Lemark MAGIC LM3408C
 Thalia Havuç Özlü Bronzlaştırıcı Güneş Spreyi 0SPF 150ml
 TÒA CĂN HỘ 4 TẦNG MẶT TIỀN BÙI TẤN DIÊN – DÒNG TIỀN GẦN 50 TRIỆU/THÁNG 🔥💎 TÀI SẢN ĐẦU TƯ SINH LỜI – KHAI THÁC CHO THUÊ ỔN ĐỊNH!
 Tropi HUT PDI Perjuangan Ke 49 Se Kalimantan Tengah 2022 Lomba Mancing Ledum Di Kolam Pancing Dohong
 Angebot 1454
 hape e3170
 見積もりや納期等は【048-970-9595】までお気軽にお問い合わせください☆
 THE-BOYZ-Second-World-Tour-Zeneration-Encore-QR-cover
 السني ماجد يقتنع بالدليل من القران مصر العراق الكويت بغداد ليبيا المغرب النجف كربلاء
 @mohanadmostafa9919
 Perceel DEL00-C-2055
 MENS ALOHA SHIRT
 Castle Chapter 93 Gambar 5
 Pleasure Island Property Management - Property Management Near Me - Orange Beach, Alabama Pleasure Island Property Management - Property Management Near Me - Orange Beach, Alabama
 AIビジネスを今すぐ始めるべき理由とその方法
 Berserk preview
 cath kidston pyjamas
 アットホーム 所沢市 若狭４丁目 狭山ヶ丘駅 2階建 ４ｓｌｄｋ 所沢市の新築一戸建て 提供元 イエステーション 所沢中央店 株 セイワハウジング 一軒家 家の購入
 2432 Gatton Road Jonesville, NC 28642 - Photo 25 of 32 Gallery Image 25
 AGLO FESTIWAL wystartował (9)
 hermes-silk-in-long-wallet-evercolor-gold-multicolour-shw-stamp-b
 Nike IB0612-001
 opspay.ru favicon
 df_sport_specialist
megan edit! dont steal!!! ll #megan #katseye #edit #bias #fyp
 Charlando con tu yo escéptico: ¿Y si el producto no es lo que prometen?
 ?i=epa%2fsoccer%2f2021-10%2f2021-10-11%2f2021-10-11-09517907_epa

○ ○ ○ ○

WORK TASK: Please write out, exactly as they appear above, only the lines in the stretch from the line with "Berserk preview" through the line with "megan edit! dont".

RESULT BELOW:
 Berserk preview
 cath kidston pyjamas
 アットホーム 所沢市 若狭４丁目 狭山ヶ丘駅 2階建 ４ｓｌｄｋ 所沢市の新築一戸建て 提供元 イエステーション 所沢中央店 株 セイワハウジング 一軒家 家の購入
 2432 Gatton Road Jonesville, NC 28642 - Photo 25 of 32 Gallery Image 25
 AGLO FESTIWAL wystartował (9)
 hermes-silk-in-long-wallet-evercolor-gold-multicolour-shw-stamp-b
 Nike IB0612-001
 opspay.ru favicon
 df_sport_specialist
megan edit! dont steal!!! ll #megan #katseye #edit #bias #fyp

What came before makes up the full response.